*** Opening of THE DATA ***

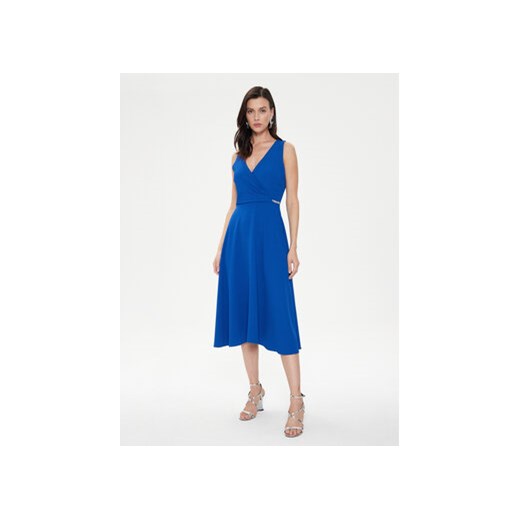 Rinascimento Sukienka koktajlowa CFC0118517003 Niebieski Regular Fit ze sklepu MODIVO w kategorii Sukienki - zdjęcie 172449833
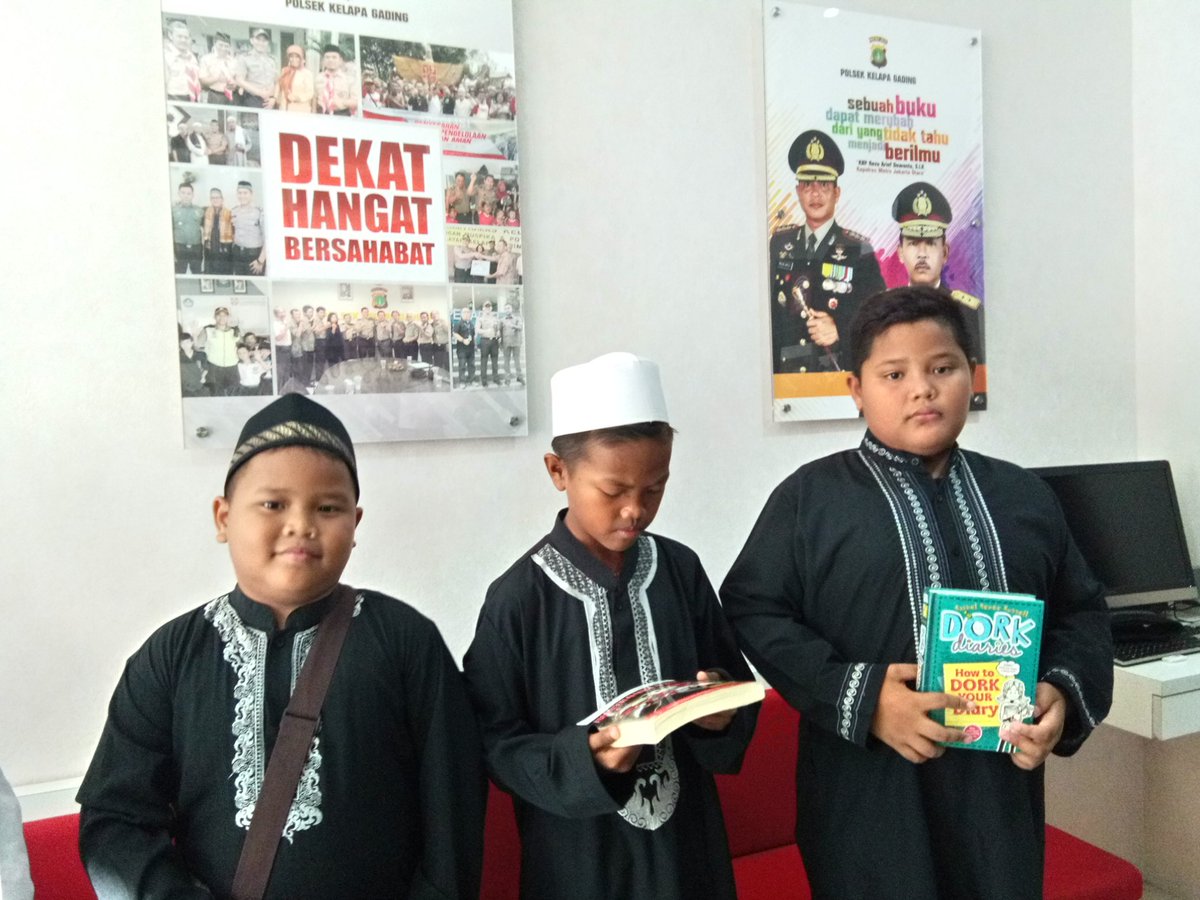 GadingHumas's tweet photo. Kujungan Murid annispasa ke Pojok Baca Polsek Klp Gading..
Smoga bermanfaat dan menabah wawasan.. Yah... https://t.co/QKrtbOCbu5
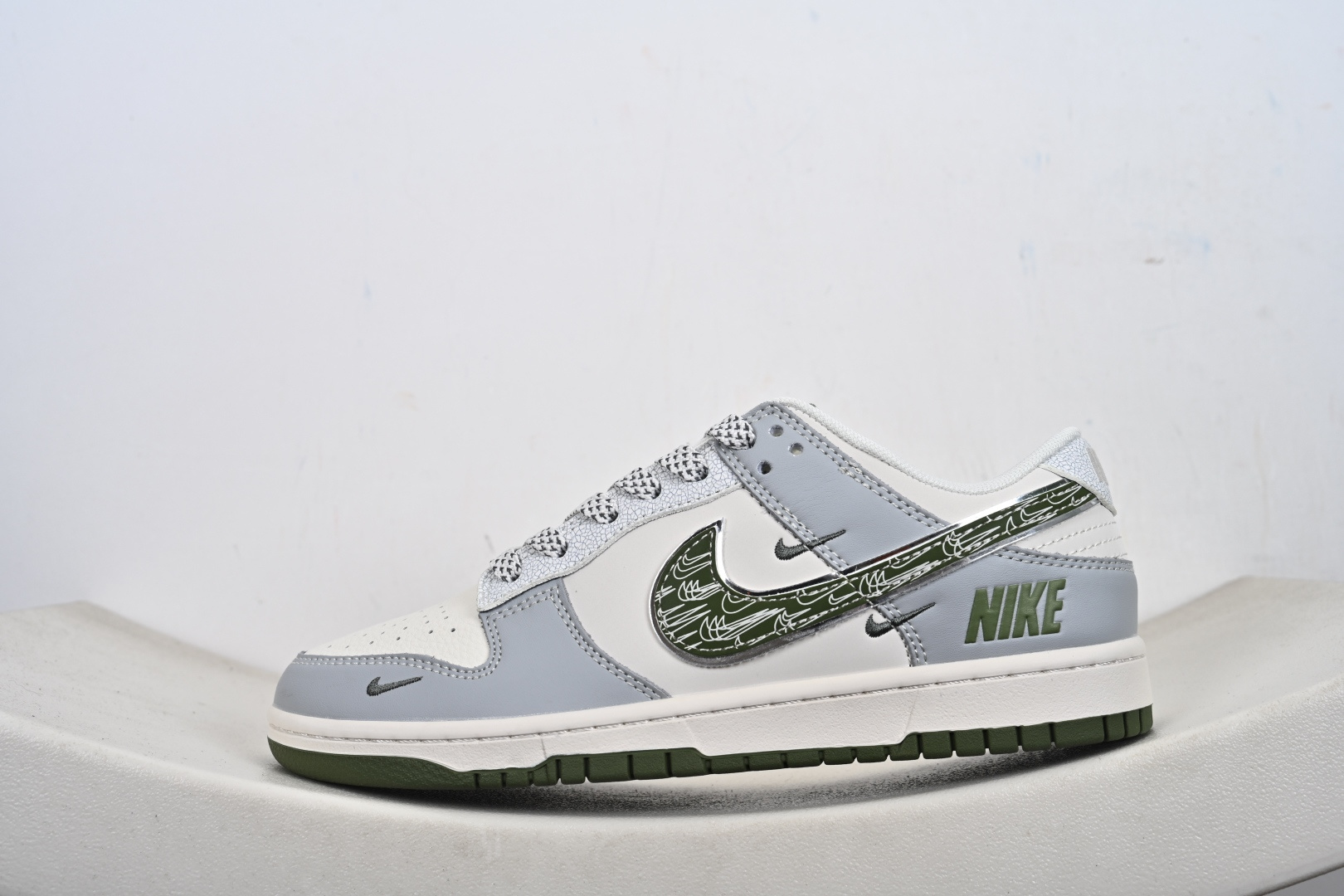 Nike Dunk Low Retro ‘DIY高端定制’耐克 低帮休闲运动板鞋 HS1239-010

*** Close of THE DATA ***

### WHAT YOU NEED TO DO
Beginning with the line that holds "Smoga bermanfaat dan", output each line to the end of the material above, exactly, omitting the pictures.

### EXERCISE RESPONSE
Smoga bermanfaat dan menabah wawasan.. Yah... https://t.co/QKrtbOCbu5
 Nike Dunk Low Retro ‘DIY高端定制’耐克 低帮休闲运动板鞋 HS1239-010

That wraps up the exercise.